Mesmo o silêncio pode ser uma forma de violência. De modo perverso e não verbal, é possível conduzir, com certa gentileza, uma vítima à loucura. Duas das ferramentas mais atrozes para isso são o tratamento de silêncio e o apagão afetivo.
Nesses casos, o que o parceiro abusivo procura é colocar o outro sob seu controle absoluto. Não suporta ser contrariado. Mesmo que pareça aceitar com certa simpatia, um clima tenso se instala no ar. Muitas vezes a vítima não consegue identificar de onde ele vem. Suspeita que seja coisa de sua cabeça. Acha que está exagerando ou vendo demais. Pouco a pouco, vai tendo sua própria percepção deteriorada ao ponto de não poder mais confiar em si mesma.
Como formas nefastas e doloridas de castigo, o tratamento de silêncio ou o apagão afetivo surgem com pouco pretexto. Basta que a vítima se desvie do que o parceiro abusivo exige ou até mesmo do que havia pensado. Se ela reagir, o distanciamento frio e o silêncio são usados para castigar e calar.
O ESFRIAMENTO DA RELAÇÃO COMO CASTIGO
No apagão afetivo, há pouca ou nenhuma mudança do ponto de vista comportamental. “O que há de errado?”, a vítima desse tipo de manipulação pode ficar inclinada a questionar, mas a resposta será sempre que não há nada. Enquanto se sinaliza uma coisa verbalmente, mostra-se o completo oposto afetivamente. Trata-se de uma mensagem paradoxal que deixa a vítima confusa e sem outra escapatória senão culpar a si mesma.
Enquanto no aspecto verbal o parceiro abusivo continua o mesmo, do ponto de vista emocional a mudança é tão brusca que “parece outra pessoa” – relatam as vítimas.
Com frequência, o abusador continua respondendo ao essencial. Conserva certa cordialidade formal e fria, criando o efeito de um verdadeiro apagão afetivo.
O SILÊNCIO QUE PODE SUFOCAR
Já no tratamento de silêncio, o castigo é ainda mais terrível. Trata-se de uma forma de abuso que busca impor a própria vontade. Mas vale lembrar: uma relação normal e saudável também pode ter discordância e momentos de afastamento. A diferença aqui é que quem pratica o tratamento de silêncio não tem como objetivo valorizar as emoções ou sentimentos como uma forma de fazer florescer a relação, mas sim de apagar o parceiro, de obrigá-lo a ceder a seus desejos.
Assim, nega-se toda e qualquer comunicação. Não se responde e, por vezes, desaparece por semanas inteiras sem qualquer palavra. A vítima sente o vazio como um vácuo assolador.

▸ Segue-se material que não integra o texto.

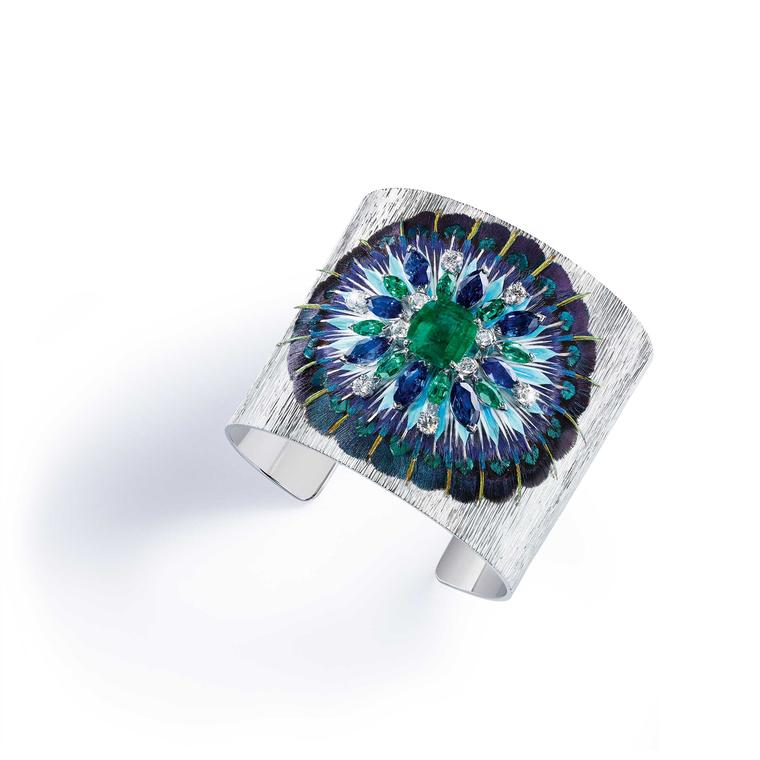 Piaget Serenissima cuff with emeralds, sapphires and diamonds on a bed of feathers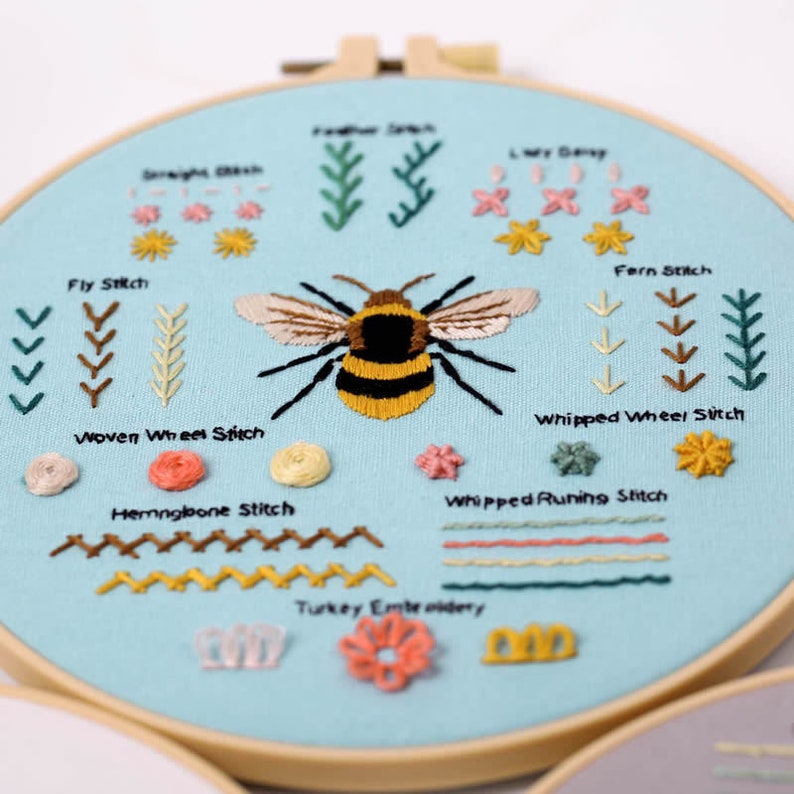 May include: A blue embroidery hoop with a variety of stitches and a bumblebee design. The stitches include fly stitch, woven wheel stitch, herringbone stitch, fern stitch, whipped wheel stitch, whipped running stitch, and turkey embroidery.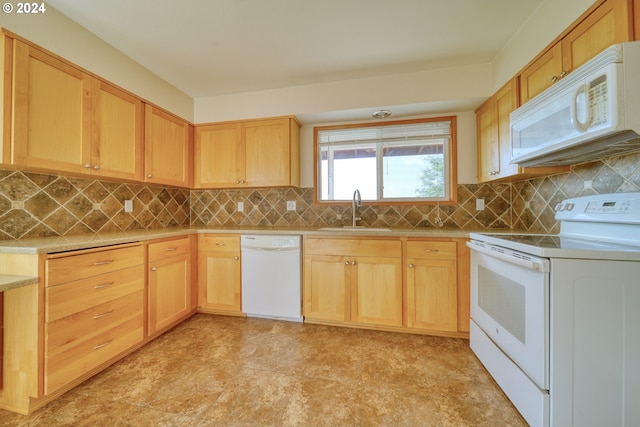 kitchen featuring decorative backsplash, white appliances, sink, and light brown cabinetry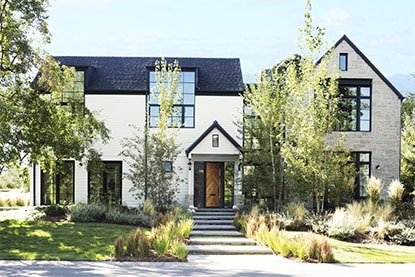 Une maison moderne de style campagnard arborant une façade blanche et une moulure extérieure noire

O efeito é como o de um buraco em uma implosão em seu peito. Se desorganiza. Como estratégia de compensação, pode escrever longos e-mails, mensagens ou cartas que, mais tarde, serão usadas contra ela mesma. O abusador, quando retorna, coloca suas condições: “do meu jeito”. Dolorida e desesperada, a vítima aceita e cede, pouco a pouco, preciosos espaços de sua própria alma.
Neste cenário, a vítima fica sem entender o que aconteceu. Volta-se contra si e assume uma culpa mesmo sabendo que ela não existe. A privação produz um efeito de ativação do desejo. Sente falta do que jamais pensou que precisava. Está posto o cenário da dependência emocional decorrente do abuso.
A ordem perversa é recusar a comunicação. Não importa o que o outro pensa. A mensagem que fica nas entrelinhas é a seguinte: “se não és como quero, inexistes para mim”. Trata-se de uma forma de violência silenciosa que intenciona dizer que o outro não interessa: não interessa seus pensamentos, suas razões ou seus sentimentos. Tudo o que importa é a vontade própria que foi contrariada e, portanto, justifica o castigo.
Este tipo de abuso é sutil, difícil de detectar e pode deixar consequências severas. A ajuda profissional, neste sentido, é essencial no processo do resgate de si mesmo.
Acredito que narcisistas secretos, que exercem o narcisismo de modo velado, sejam mais propensos a usar o tratamento de silêncio.